贾樟柯2010年公映的纪录片《海上传奇》,十八位出生于上海的各领域名人以口述成长史的方式,勾勒而出上海从1930年到2010年的面貌演变,《小城之春》女主角玉纹的扮演者韦伟是受访者之一,这部费穆1948年执导的经典影片,在中国电影百年诞辰之时曾被香港电影金像奖评为“百年百大华语电影第一名”。


《小城之春》玉纹的扮演者韦伟在《海上传奇》

《小城之春》曾被评为“百年百大华语电影第一名”


在贾樟柯的镜头下,韦伟回忆了《小城之春》诞生于历史拐点的始末,它不与时代合拍,写照了费穆短暂人生路的最后几年。韦伟遗憾于费穆未能执导《江湖儿女》便英年早逝,刺激贾樟柯萌生拍摄同名电影致敬费穆的想法。令我感到意外的是,贾樟柯《江湖儿女》所呈现的精神气质,关照的并非1952年朱石麟代替费穆完成的《江湖儿女》,而是《小城之春》。


费穆《小城之春》围绕八年抗战结束后的封闭小城展开叙事,贾樟柯《江湖儿女》以开放进程中的中国为流动背景演变剧情,两者看似缺乏关联,但小城里的少妇玉纹与江湖中的女儿巧巧,都是国人精神信仰正在经受巨大考验的时代的注脚。玉纹背后,孔子提倡的儒家礼仪已被新天新地批得体无完肤;巧巧身旁,关公代表的情义无价正遭物质金钱各种论价。


她们虽难逃脱遭受时代冲击的命运,却也没被洪流彻底裹挟吞噬,相反用刚柔并济的肩膀,撑起儿女情长,证明私人化的伤感情愫,可以缝补山河碎梦的一角。
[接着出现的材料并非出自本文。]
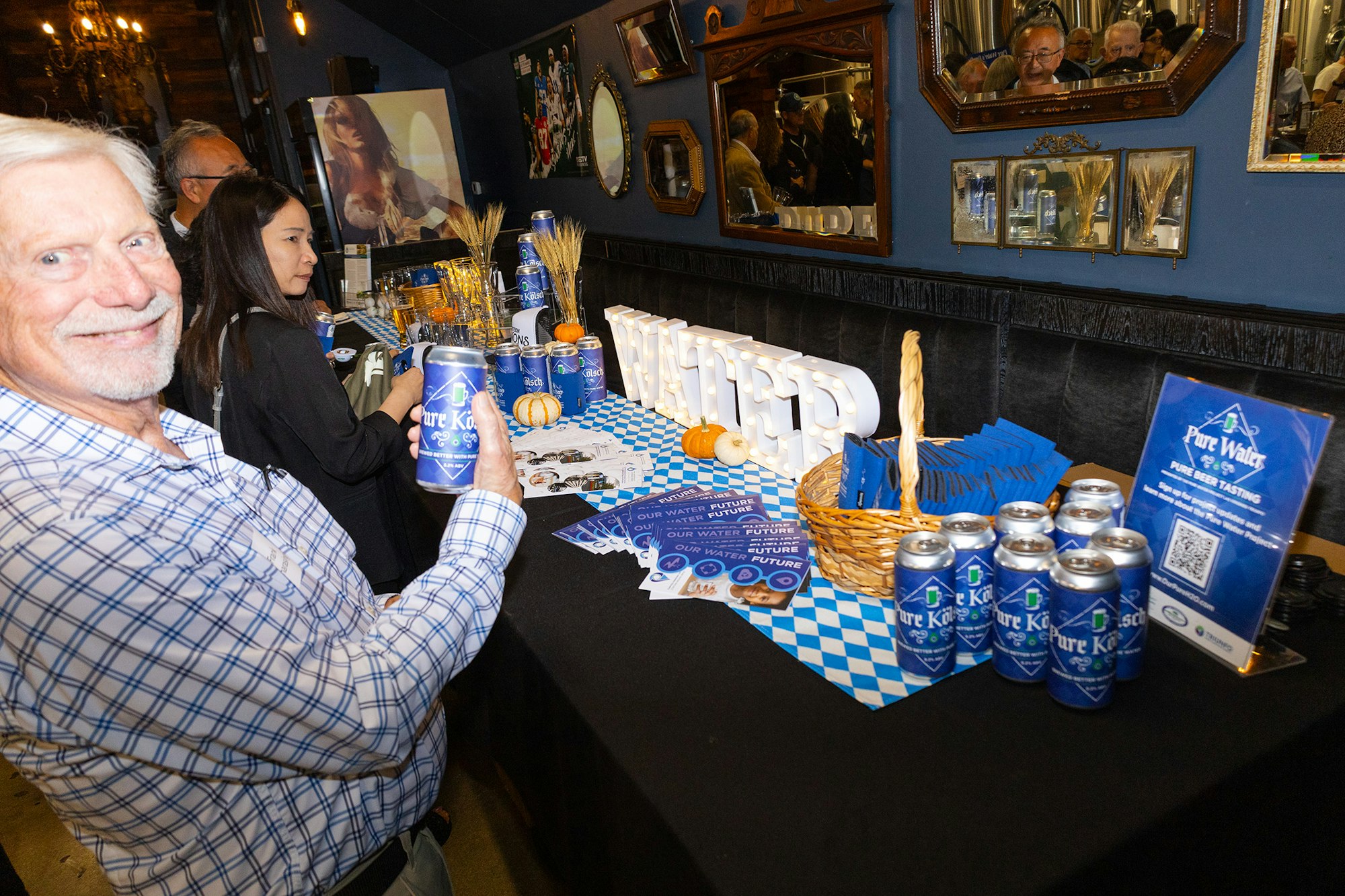 An event scene with a man holding a beer can, a promotional table featuring beverages, decor, and informational materials.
在她们身上不同程度地寄予费穆与贾樟柯对家园故土的情真意切,更彰显了创作美学与同辈导演截然有别的他们,对不同年代的中国电影的珍贵


由是,借杂糅以往作品元素的《江湖儿女》,贾樟柯不仅完成对自己20余年导演生涯的梳理总结,也是对今年问世恰巧70周年的《小城之春》,以及费穆最好的纪念。


困于小城的玉纹

情与礼的抉择


《小城之春》开篇,旋转镜头扫描铺展的小城景色,城墙残破小径荒芜,流水潺缓树木吐芽,既有春寒料峭的意味,又含一丝生机。随后挎着菜篮的玉纹迎风走上城头,目送三个背影消失在远方,以画外音形式贯穿全片的玉纹的内心独白首次响起,引领观众走进她刚刚经历过的一段身为中间人的三角恋情。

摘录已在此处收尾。